Don't be fooled: Iran and the West don't have common interests when it comes to defeating ISIS
In the Guardian this morning, Jonathan Steele has written an article defending President Barack Obama’s Iran policy. Steele allows others to make his points for him, but he contributes to a narrative in which rapprochement with Iran is a worthy policy – even as the President formally denies that the Iran negotiations are about anything other than the nuclear-weapons program.
Steele writes:
“In Iraq, [Iranian officials] insist, Iran is a force for stability, helping [Iraqi prime minister] Haider al-Abadi’s government militarily while urging it to be more attentive to Sunni concerns – just as Washington is,” Steele writes.
This is nonsense. In 2008, after the US ‘surge’, violence in Iraq was down 90 per cent, and the political process had begun to work. This was achieved by separating the Sunni Arab tribes of western Iraq from al-Qaeda in Mesopotamia (AQM), the forerunner to the Islamic State (ISIS).
The tribes were beneficiaries of Saddam Hussein’s regime and had resented their loss of income and status; they had also feared domination by Iraq’s Shi’a majority and by Iran, and looked on AQM/ISIS as a means to restore their power in Baghdad.
Realising their error, the tribes rose against AQM/ISIS, and with US support, the tribal militias secured order in their own districts, providing security against the Salafi-jihadists and majoritarian persecution. The US ensured the Sahwa (Awakening) militias were kept supplied and that the Shi’a-led government was protected from the Sunni militias launching a coup.

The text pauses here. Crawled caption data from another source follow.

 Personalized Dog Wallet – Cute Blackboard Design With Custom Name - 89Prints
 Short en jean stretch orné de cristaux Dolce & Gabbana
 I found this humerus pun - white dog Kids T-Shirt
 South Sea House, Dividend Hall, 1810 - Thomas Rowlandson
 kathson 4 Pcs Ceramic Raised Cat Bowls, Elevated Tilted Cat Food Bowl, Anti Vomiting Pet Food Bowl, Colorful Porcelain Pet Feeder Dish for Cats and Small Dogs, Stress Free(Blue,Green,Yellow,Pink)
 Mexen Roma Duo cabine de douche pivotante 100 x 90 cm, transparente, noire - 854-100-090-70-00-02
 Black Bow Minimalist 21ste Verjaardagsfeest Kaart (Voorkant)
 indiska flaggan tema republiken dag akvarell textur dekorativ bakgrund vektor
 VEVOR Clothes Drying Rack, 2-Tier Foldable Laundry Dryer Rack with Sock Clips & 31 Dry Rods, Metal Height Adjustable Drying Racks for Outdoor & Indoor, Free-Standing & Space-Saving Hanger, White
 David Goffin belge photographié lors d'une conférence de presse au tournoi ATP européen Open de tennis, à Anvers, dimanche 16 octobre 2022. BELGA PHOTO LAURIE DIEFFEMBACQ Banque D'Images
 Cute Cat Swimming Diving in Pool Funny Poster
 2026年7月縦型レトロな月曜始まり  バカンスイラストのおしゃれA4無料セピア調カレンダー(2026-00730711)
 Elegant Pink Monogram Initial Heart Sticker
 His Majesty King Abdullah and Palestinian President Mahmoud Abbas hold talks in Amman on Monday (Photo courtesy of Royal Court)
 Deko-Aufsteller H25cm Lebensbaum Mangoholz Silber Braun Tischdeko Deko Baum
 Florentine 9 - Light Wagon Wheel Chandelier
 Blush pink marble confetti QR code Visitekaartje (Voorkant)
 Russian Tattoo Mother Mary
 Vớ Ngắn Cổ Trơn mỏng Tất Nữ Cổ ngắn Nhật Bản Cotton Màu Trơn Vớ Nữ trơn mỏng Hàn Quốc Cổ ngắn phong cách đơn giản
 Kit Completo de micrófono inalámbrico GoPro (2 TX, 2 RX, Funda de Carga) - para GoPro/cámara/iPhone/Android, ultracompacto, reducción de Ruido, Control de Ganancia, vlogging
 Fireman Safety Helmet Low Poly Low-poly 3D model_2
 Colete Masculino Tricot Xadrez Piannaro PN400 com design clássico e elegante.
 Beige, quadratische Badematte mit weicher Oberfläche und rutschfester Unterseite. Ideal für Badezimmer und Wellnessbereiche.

With the US withdrawal at the end of 2011, however, the then-prime Minister of Iraq Nouri al-Maliki was able to consolidate a sectarian autocracy that was increasingly dependent on Iran. Maliki witch-hunted the Sunnis out of the government, violently suppressed a Sunni protest movement, and drove the Sahwa to destruction, opening a security vacuum that ISIS filled.
Given that Iran was complicit in restarting the Iraqi insurgency, it seemed unlikely it was the solution, and so it has proven. Iran’s intervention in Iraq since ISIS invaded in June 2014 has largely been through al-Hashd al-Shabi, a conglomeration of Shi’ite militias, many of which are direct proxies of Iran’s Islamic Revolutionary Guard Corp (IRGC). The Hashd has led the pushback against ISIS in Iraq, and has committed terrible atrocities along the way.
Iran is near-incapable of projecting conventional force, so has to work through sectarian asymmetric structures like the IRGC’s external operations unit, the Quds Force, and the Hashd, which actually push more Sunnis into joining ISIS.
In short, Iran could not – even if it wanted to (see below) – destroy ISIS. Unfortunately, Iran’s militias have received US air support anyway, furthering the ISIS ‘narrative that the Iranians are leading a Shiite conspiracy to take over the Middle East and that the US is complicit in this plot’, which of course makes more Sunnis look to ISIS for protection.
Steele adds that in Syria, ‘Iranian decision-makers argue that their policy is … to defend a multicultural state against attack from Islamic nihilists’. Iran, says Steele, does not provide ‘unquestioning support’ for Bashar al-Assad, but wishes for ‘negotiations to produce a coalition government that includes the moderate Sunni opposition’. This is either hopelessly naïve or outright propaganda.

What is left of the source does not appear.